OmpSs tutorial at ISCA 2013

Hybrid and Heterogeneous Parallel Programming with MPI/OmpSs for Exascale Systems

24 June, Tel Aviv, Israel 


Due to its asynchronous nature and look-ahead capabilities, MPI/OmpSs is a promising programming model approach for future exascale systems, with the potential to exploit unprecedented amounts of parallelism, while coping with memory latency, network latency and load imbalance. Many large-scale applications are already seeing very positive results from their ports to MPI/OmpSs (see EU projects Montblanc, TEXT). We will first cover the basic concepts of the programming model. OmpSs can be seen as an extension of the OpenMP model. Unlike OpenMP, however, task dependencies are determined at runtime thanks to the directionality of data arguments. The OmpSs runtime supports asynchronous execution of tasks on heterogeneous systems such as SMPs, GPUs and clusters thereof. The integration of OmpSs with MPI facilitates the migration of current MPI applications and improves, automatically, the performance of these applications by overlapping computation with communication between tasks on remote nodes. The tutorial will also cover the constellation of development and performance tools available for the MPI/OmpSs programming model: the methodology to determine OmpSs tasks, the Tareador tool, and the Paraver performance analysis tools.  The tutorial will also include practical sessions on application development and analysis on single many-core nodes, heterogeneous environments with GPUs, and cluster environments with MPI/OmpSs.

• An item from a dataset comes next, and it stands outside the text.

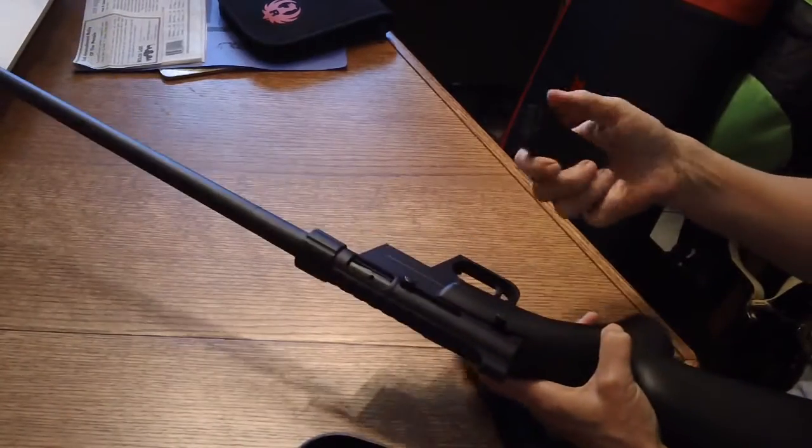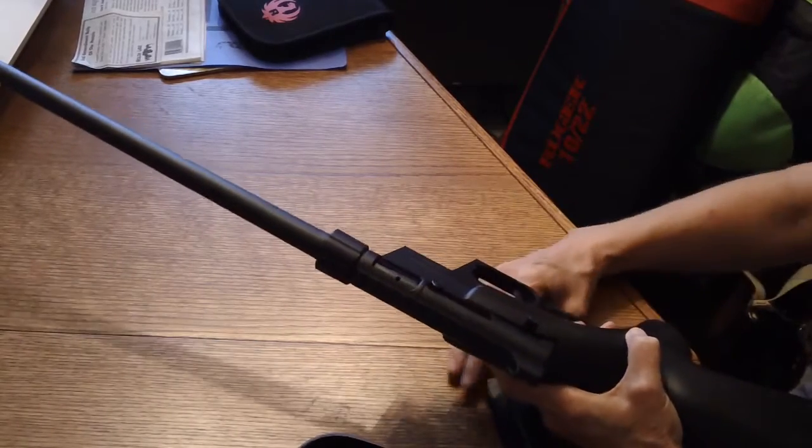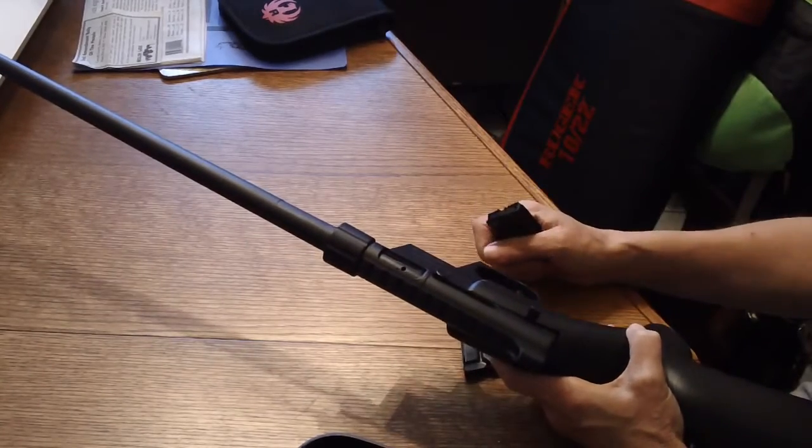Magazines — again, eight rounds. A little bit of a downside, but you can get a bunch of them. You can store one in the action and two in the butt, which gives you 24 rounds right there.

  1. Introduction to the StarSs family of programming models (15 minutes)
    • Exascale computing
      • Multi-  and many-core programming model challenges
    • The StarSs family of task-based programming models
    • StarSs vs. OpenMP and other alternatives
    • General features of StarSs
      • Flat global address and name space
      • Task dependency graph generation
      • Exploiting critical path traversal to increase parallelism
  2. OmpSs basic features (45 minutes)
    • Outlined/inlined tasks
    • Defining task dependencies
    • Synchronization
    • Defining array regions
    • Concurrent/commutative constructs
    • Task nesting
  3. Development methodology and infrastructure (30 minutes)
    • Defining tasks
    • Finding tasks with Tareador
    • Examples
    • Mercurium compiler
    • Nanos++ runtime system
  4. Overlapping computation and communication using tasks (30 minutes)
    • Motivation for a hybrid model
    • Advantages of MPI/OmpSs
    • Overlapping computation and communication
    • Examples
  5. Hands-on (60 minutes)
    • Compiling and running OmpSs applications
    • Tracing OmpSs applications
    • Single node examples (matmul, cholesky, heat-diffusion, multisort)
    • Trace generation and analysis with Paraver
  6. Support for heterogeneous platforms (60 minutes)
    • OmpSs and GPUs
    • Data transfers
    • Data cache management
    • Leveraging CUDA and OpenCL kernels
  7. Hands-on (60 minutes)
    • Heterogeneous examples (matmul, cholesky, heat-diffusion, multisort)
    • Tracing and analysis
  8. Hands-on (60 minutes)
    • MPI/OmpSs examples (matmul, cholesky, heat-diffusion, multisort)
    • Tracing and analysis